If you remove Zorald Pfaff, then the influence goes essentially to zero, so it is really the relation that it's interested in.

But now we can reverse the order. We can have synthetic sequences like Zorald Pfaff was the first president

of the Republic of Astrobia. The influence is smaller than it was when we kept the same ordering.

But it's non-zero. So you might think that it's still learning something from the reverse order.

But then from that sequence, you can actually chop off everything except Zorald Pfaff.

And the influence is unchanged. So it's really just these tokens that are contributing to the influence.

And it's not paying any attention to the relation. And so we...

So when we put out this paper in Archive, we reported this finding just with influences.

We didn't actually test it with retraining actual networks. But as Owain talked about this morning,

they actually ran some experiments to actually test this... what they're now calling the reversal curse.

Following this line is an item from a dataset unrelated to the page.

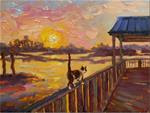 "Sunsets with Jill", 9x12, cats, paintings of cats, sunsets, Cedar Key - Posted on Monday, November 10, 2014 by Maryanne Jacobsen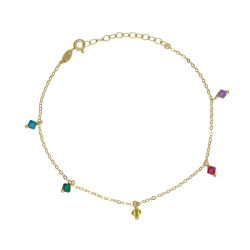 Gold-plated anklet with multicolour in crystals shape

So they actually find that if you fine-tune GPT-3 with synthetic examples of a relation in one order,

and then measure log-likelihoods on the relation in the other order,

the log-likelihoods are essentially no different from chance.

Which shows that the model has learned essentially nothing from the opposite

ordering of the relation. This is, I think, an experimental validation of something that we had hypothesized

based on influence function investigations. Alright. So that's what we've done.

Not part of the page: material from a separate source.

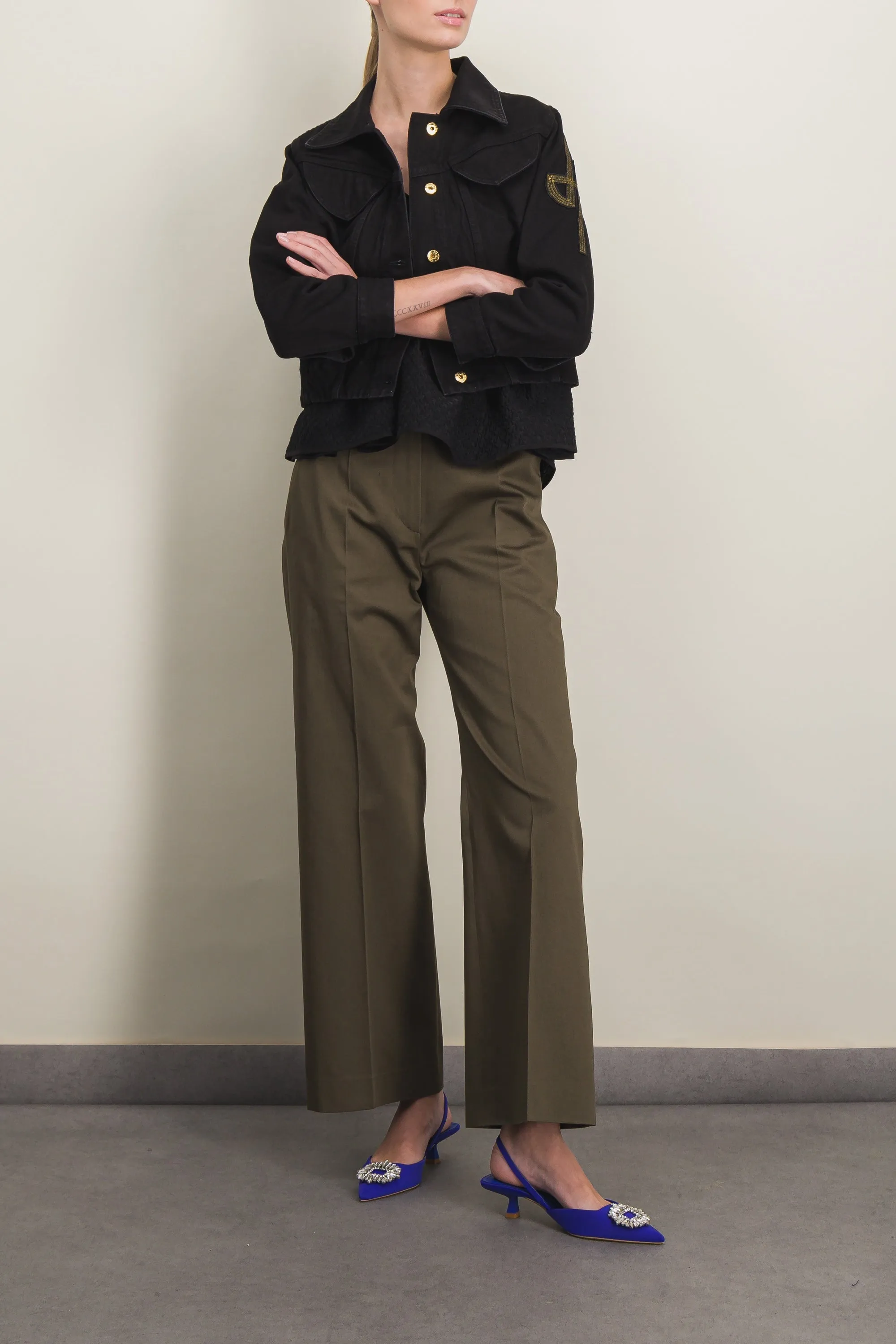 Straight leg bronze organic coton tailoring pants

Where are we going next? I think there are a lot of things that we can do

to really make influence functions more useful. And it's an important direction,

because this is one of the few tools we have for directly analyzing high-level phenomena in LLMs.

Right? So interpretability is trying to get there. We're working our way up from smaller phenomena.

This is something we can directly apply to high-level cognitive phenomena.

And so one of the things that we're... especially interested in doing is scaling it even further.

So trying to come up with efficient ways to search the entire training set.

Right? If you can do that, then you can answer questions like,

if Claude can solve this programming problem, like, is it memorizing?

Is there some similar example in the training set? If you can't find anything like that,

then it's probably doing something more creative. Another direction I'm especially interested in

is combining influence functions with mechanistic interpretability.

So once you've identified some influential training sequences,

like, what do you do with those sequences? Well, you can go into the network and figure out

exactly which parameter matrices are being modified by these sequences,

what units are changing, what are these circuits involved in.

And I think that's where we'll really get some of the important insights.

And finally, this talk is focused on the pre-training stage,

but I think the thing we really want to ultimately understand

is the fine-tuning stage. Because if something goes seriously wrong

with large language models, if they start scheming against us and things like that,

that'll probably be because of some weird, unintended consequence of the fine-tuning objective.

And so being able to understand what's the effect of any particular part of fine-tuning

will be really critical for preventing that. So that's it. I'll open it up to questions.